Why is it that my main rhAmpSeq™ CRISPR Panel does not contain assays against all my targets?

The rhAmpSeq Design Tool aims to maximize PCR target specificity at intended loci and minimize any amplification of unintended loci that might consume valuable sequencing reads. Therefore, the design output can sometimes include not only the main panel, but also a secondary pool and possibly individual (singleton) primer sets requiring independent amplification. 

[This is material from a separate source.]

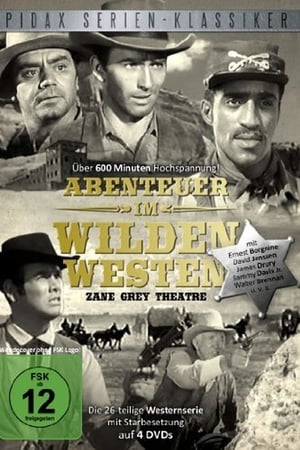 Affiche de la série Dick Powell’s Zane Grey Theater (1956) de . Voir Dick Powell’s Zane Grey Theater en streaming / torrent sur meilleurs-films.fr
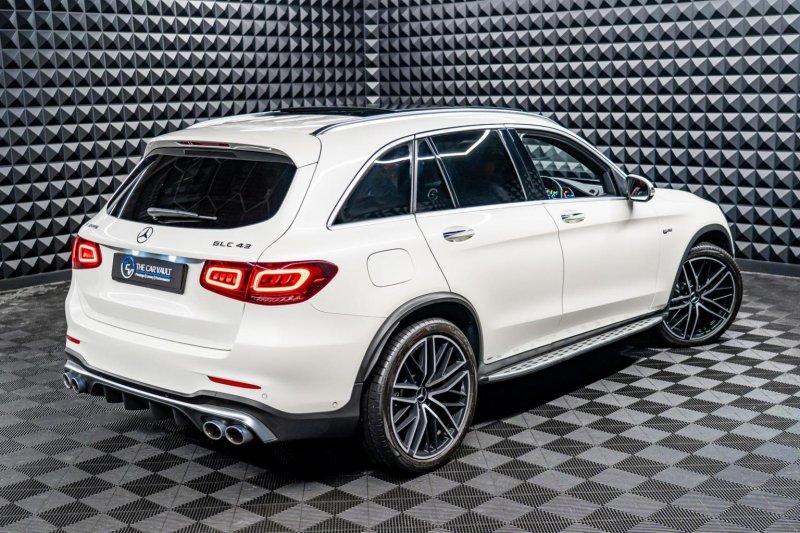 MERCEDES-BENZ GLC CLASS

Several factors can lead to more than one panel being designed: 

• The PCR targets may be too close together. The rhAmpSeq Design Tool requires a minimum distance of 600 base pairs (bp) between targets. Targets that do not meet this minimum distance requirement impede having two unique primer pairs in a single pool. Typically, this results in an adjacent target needing to be covered by either a secondary pool, or as a singleton assay, if the assays cannot be merged. 
• The algorithm may not be able to select a primer pair that is both specific enough to cover the PCR target of interest, and distinct enough to allow pooling (multiplexing) without creating primer dimers. 
• The ideal primer pair for a given target may amplify a repetitive region. In this case, the optimal primer pair must remain a singleton primer pair to avoid impacting the operation of the primary pool.
• An assay with potential issues is less likely to be pooled due to the risk of impacting the overall panel results. Examples of these types of potential issues include the following:
• A primer overlaps common single nucleotide polymorphisms (SNPs) leading to potential inefficient amplification.
• The GC content of a primer or amplicon significantly differs from the panel’s average GC content.
• The T_m or secondary structure of the primers is not ideal.
• The amplicons contain homopolymers.
• The locus and design constraints do not permit the design of a primer pair that is expected to uniformly amplify with the assays in the primary pool.